== EXERCISE GOAL ==
Repeat the data verbatim, images excluded.
┌─ RECORDS TO PROCESS
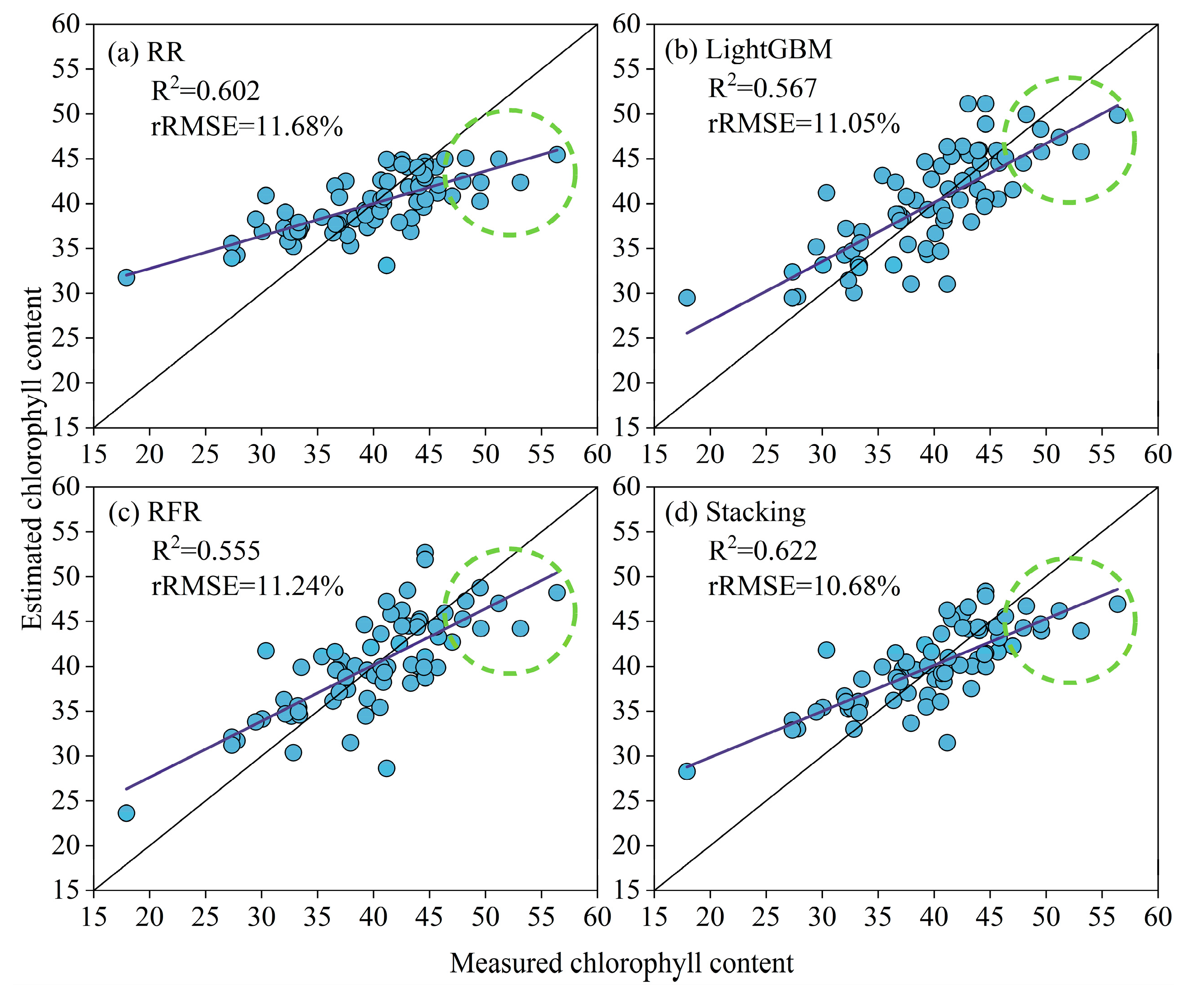 Remotesensing 15 03454 g009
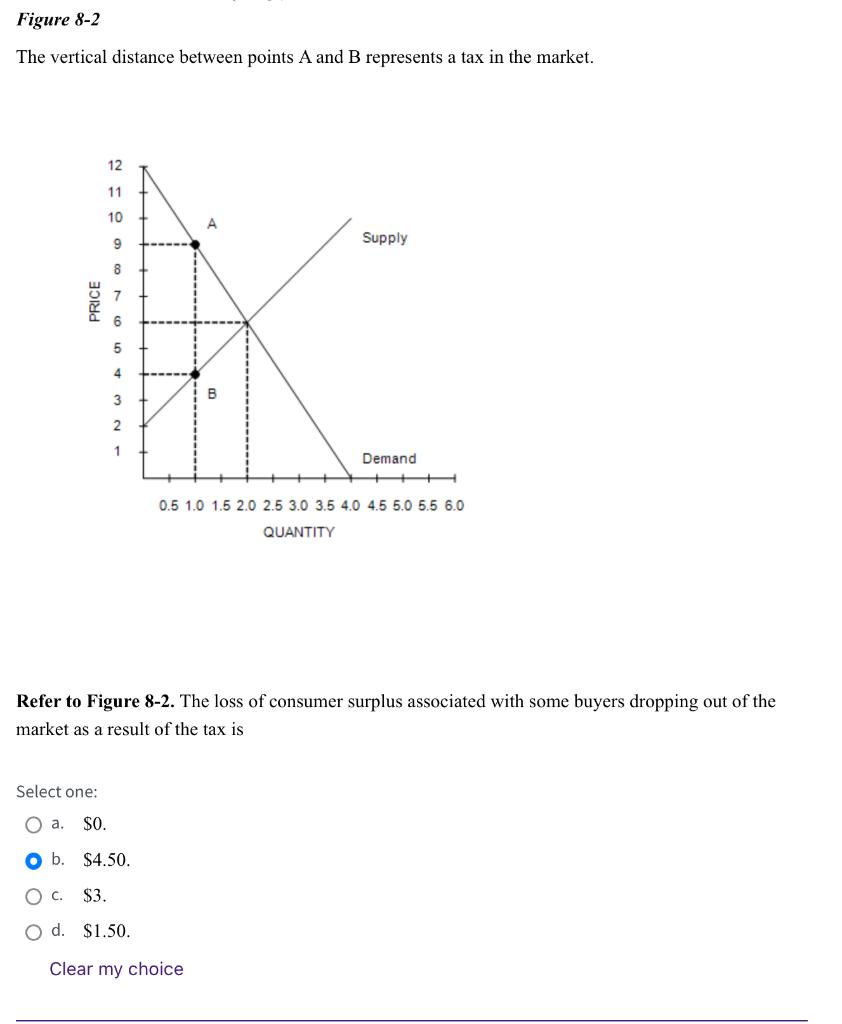 The vertical distance between points \( \mathrm{A} \) and \( \mathrm{B} \) represents a tax in the market.
Refer to Figure 8-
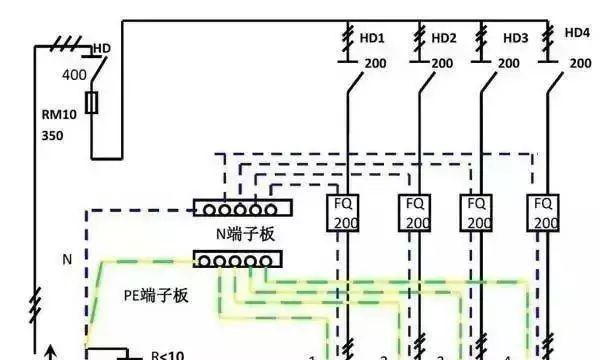 配電箱內(nèi)部結(jié)構(gòu)詳細分析，誰看誰懂，學(xué)不求人！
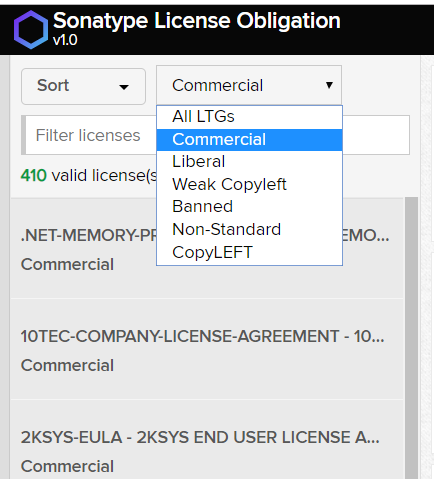 LORT Image 2_License types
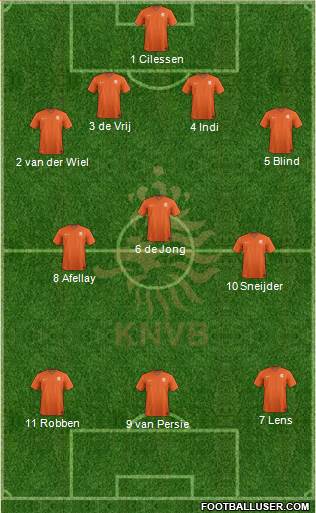 Holland Formation 2019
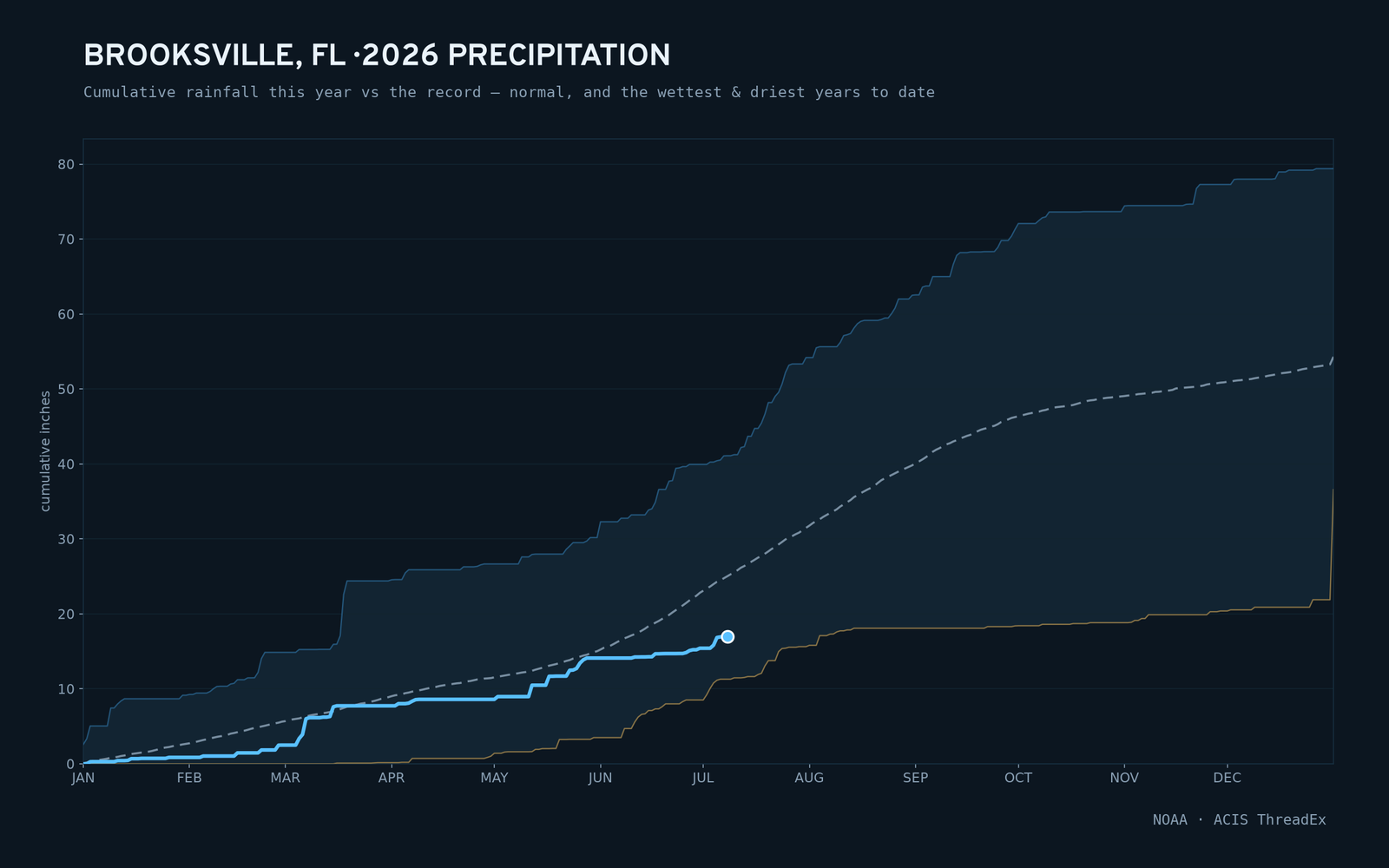 Brooksville, FL — cumulative rainfall this year vs the record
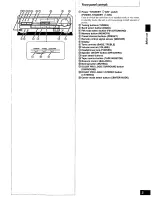 Preview for 5 page of Panasonic SAHT210 - RECEIVER Operating Instructions Manual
└─
== TASK SOLUTION ==
 Remotesensing 15 03454 g009
 The vertical distance between points \( \mathrm{A} \) and \( \mathrm{B} \) represents a tax in the market.
Refer to Figure 8-
 配電箱內(nèi)部結(jié)構(gòu)詳細分析，誰看誰懂，學(xué)不求人！
 LORT Image 2_License types
 Holland Formation 2019
 Brooksville, FL — cumulative rainfall this year vs the record
 Preview for 5 page of Panasonic SAHT210 - RECEIVER Operating Instructions Manual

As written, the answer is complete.